Hacker News new | ask | show | jobs
by arbitrage314 3833 days ago
Most startups are more than happy to take your money. Just email or meet with the founders, explain your enthusiasm for the company, and you're usually good to go!

For higher-profile deals, though--e.g., Uber--you wouldn't be able to invest such a small amount.

2 comments

> Most startups are more than happy to take your money. Just email or meet with the founders, explain your enthusiasm for the company, and you're usually good to go!

I would be highly skeptical of any startup founder who is going to take money from just anyone. Taking in random investment dollars could come back to bite founders and company in the ass pretty badly. From the time demanded by the investor, to working on subsequent financing rounds, you could really shoot yourself in the foot by doing this.

This is one reason why Angels are more sought after than "friends and family."

> For higher-profile deals, though--e.g., Uber--you wouldn't be able to invest such a small amount.

No. For late stage investments, even if you had the capital, you're beholden to the terms dictated by whomever is leading the round. They're not going to invest large sums of money and want to share rights with just anyone with the cash.

While it's true that founders won't take money from just anyone, I actually think a software engineer with experience in the industry would be a great investor.

They can give you insight on tech problems/scaling, help with hiring, offer connections, etc. (Basically, most of the things you're looking for from investors besides money.)

A software engineer investing in your company is pretty different than your real estate mogul uncle trying to get in.

Doesn't this just apply to those with either sufficient net worth or earned income to qualify as an accredited investor? Or have you heard of startups taking the money of some new graduate making less than $200k/year with insufficient net worth?
In the US, this is the definition of Accredited Investor[1].

The SEC allows companies to sell shares privately, using Regulation D. Regulation D has a number of rules that govern it, such as, you cannot generally solicit your offering (for example: take an ad out in the NYT annoucning you are raising money).

You can raise unlimited funds from Accredited investors (see link). You don't need to provide information (via prospectus) to these investors, as it's assumed they have the acumen to obtain and understand the information to understand the investment being made.

Companies can also raise funds from up to 35 non-accredited investors. However, in doing so, must ensure due diligence that those non-accredited investors can bare the economic burden, are made to understand the investment, etc.

By and large, that amount of work is more than enough to turn some founders away from dealing with non accredited investors.

In certain cases, a pre-seed, initial funding round may come from a "friends and family" round.

The SEC recently passed a law allowing selling shares via Crowdfunding, but because it's fairly new, the risk* to future Venture rounds is unknown, and I'd expect founders to be tepid with adopting Crowdfunding as a viable method to raise money.

[1] http://www.ecfr.gov/cgi-bin/retrieveECFR?gp=&SID=8edfd12967d...

* Venture Capitalists (afaik) haven't published an opinion on crowd funding, so founders may inadvertently risk future startup financing rounds if they screw up their capilization table with a crowd funding round.

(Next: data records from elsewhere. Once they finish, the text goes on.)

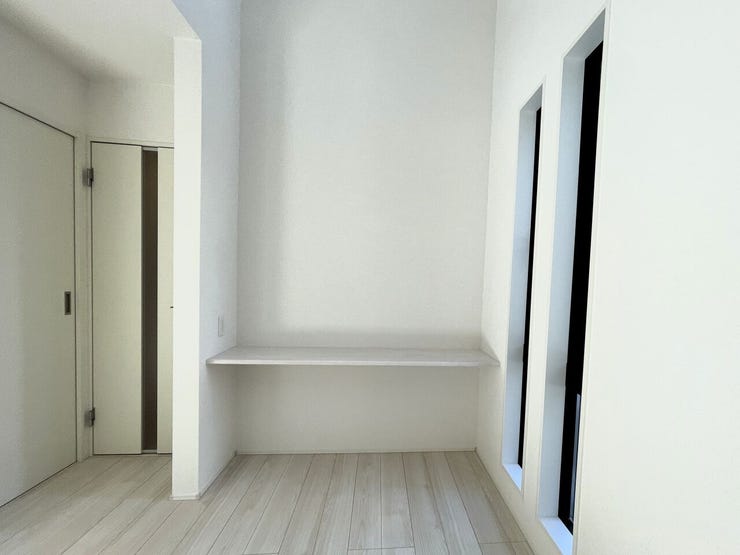 ◇リビングのカウンター◇
コンセントが使えるカウンターが付いていますのでお子さんのお勉強や、パソコン作業などに重宝します♪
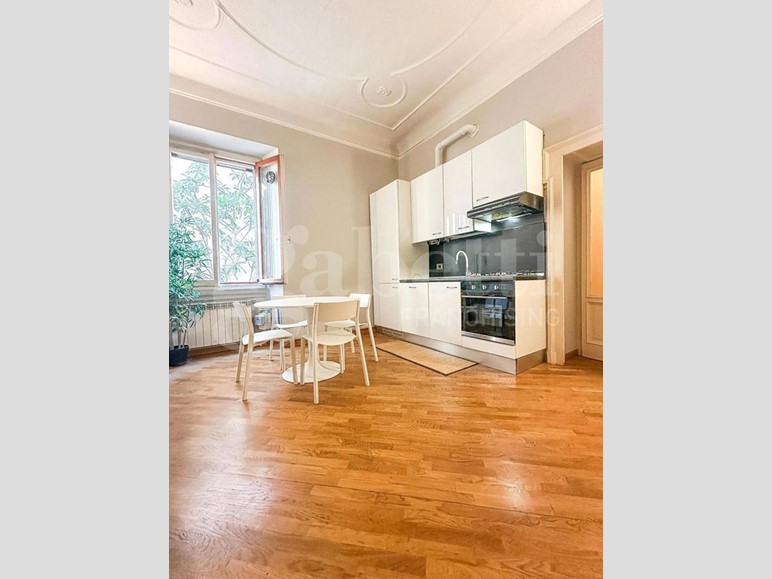 Bilocale in Affitto a Milano, 950&euro;, 50 m², arredato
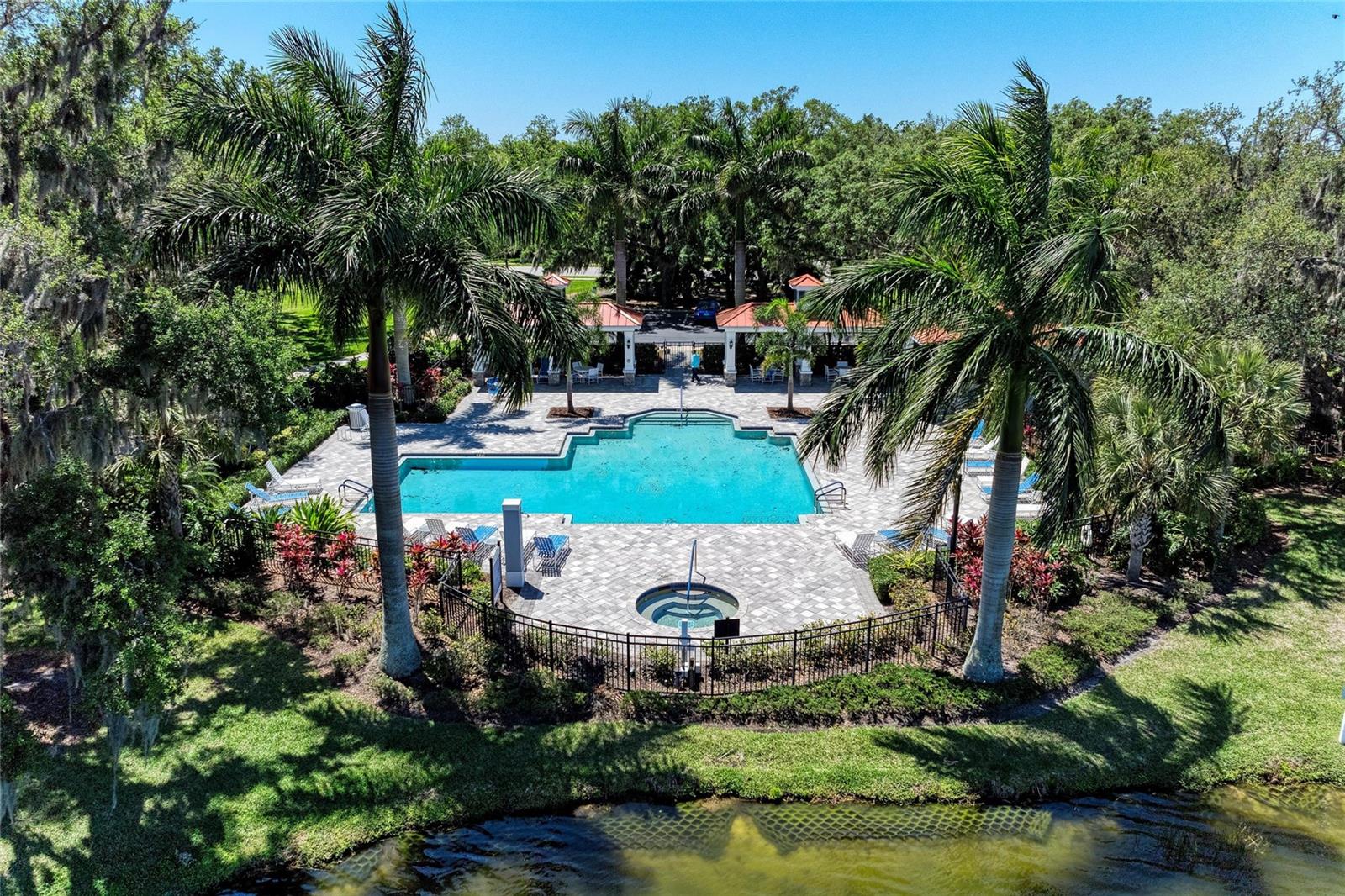 Image 56 of 67 For 7735 Ridgelake Circle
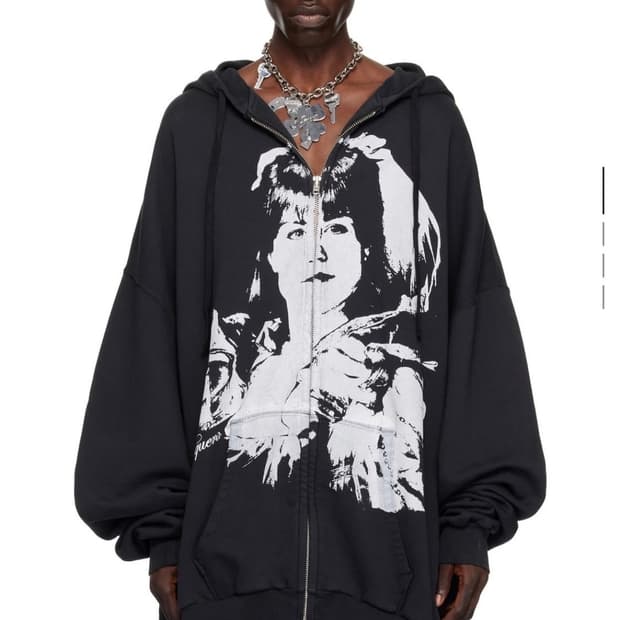 VAQUERA 블랙 자이언트 집업 후드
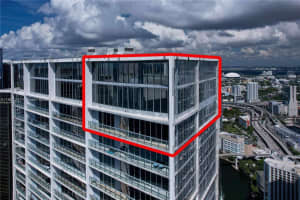 465 Brickell Ave Ph5701, Miami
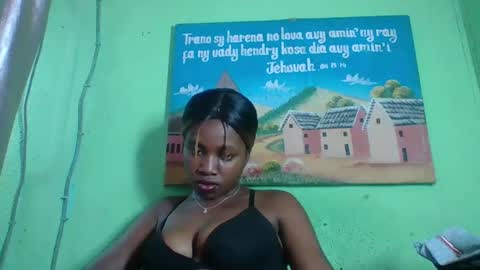 elisabeth2525 online show from January 28, 2025, 10:12 am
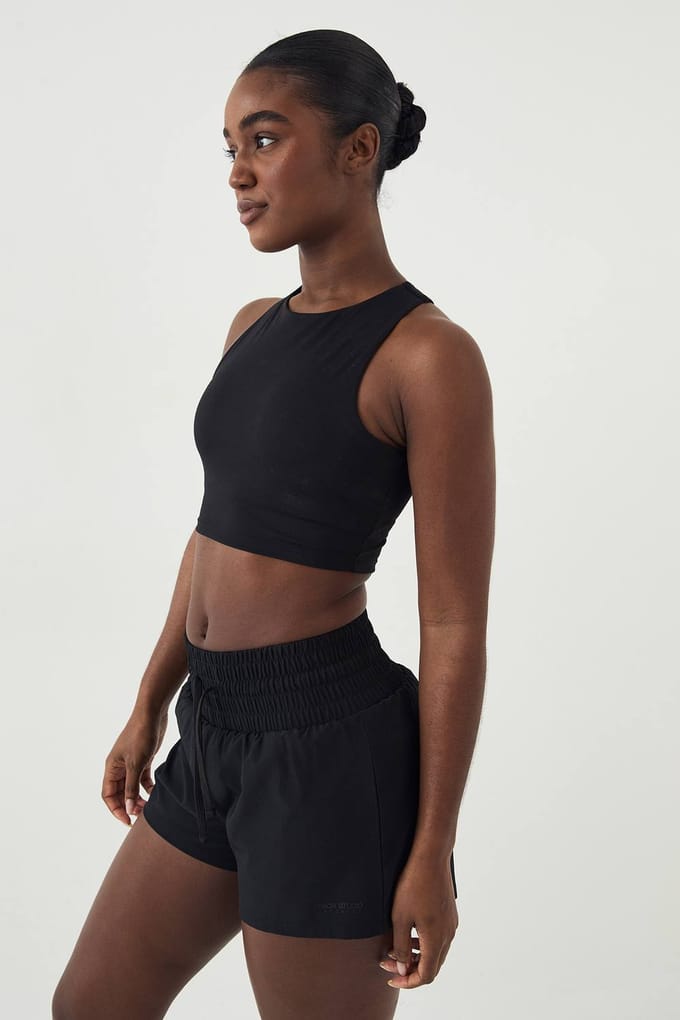 Dames DSGN Studio Ultra Sculpt Racerback Gewatteerde Crop Vest Top | Zwart | Maat: Medium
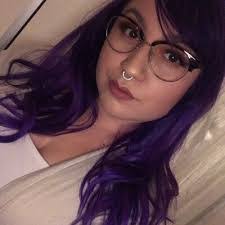 Amber Giddens's Instagram, Twitter & Facebook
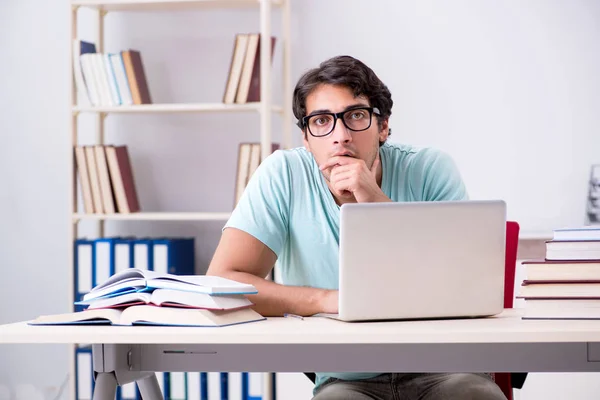 Joven estudiante en concepto de tele-aprendizaje — Foto de Stock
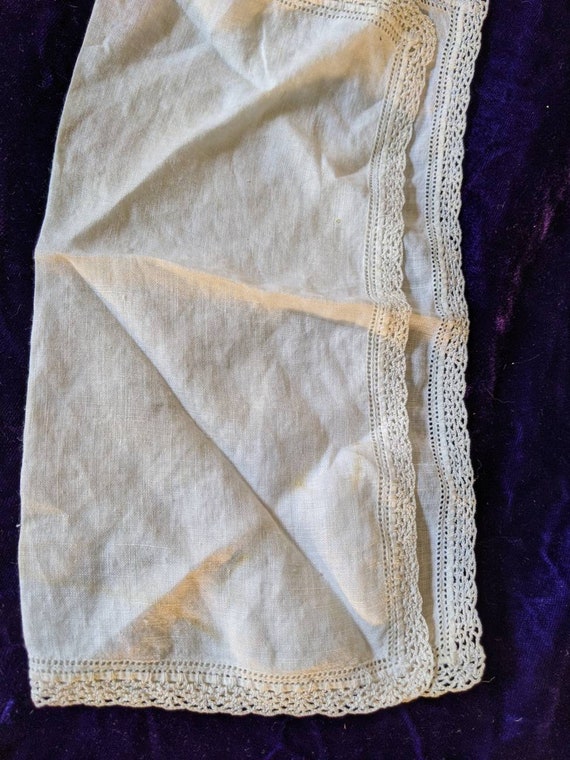 Handkerchief that is antique - image 10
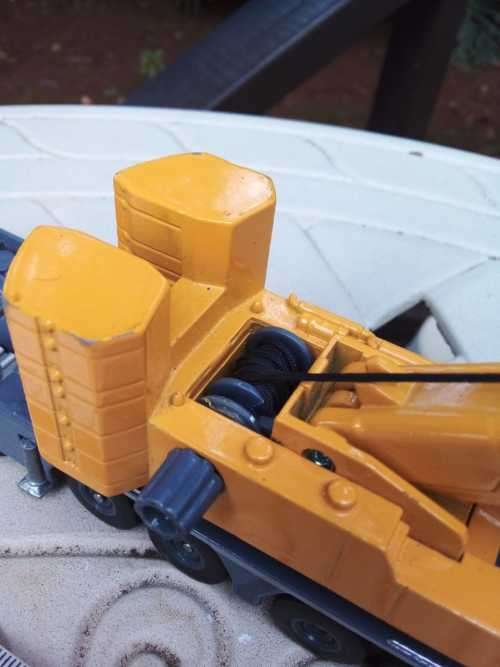 Siku 1886 - Liebherr LTM1400 Mobile Crane - Liebherr Yellow - H0 Scale 1:87 Die Cast Toy - 100% WORK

Yeah, typically you have to make at least $200k/year or have a net worth of $500k (the term is "accredited investor").

Thanks to a new law, though, you no longer have to be accredited to invest small amounts.

I believe it's net worth of a million dollars (http://www.investor.gov/news-alerts/investor-bulletins/inves...). I've been following the crowdfunding legislation and it seems like there may be additional requirements to accept such investments if you are an early startup with just friends & family investments.

But the bottom line, I think, is that to do the strategy you suggest, you currently need to be an accredited investor if the startup is not already setup for crowdfunding.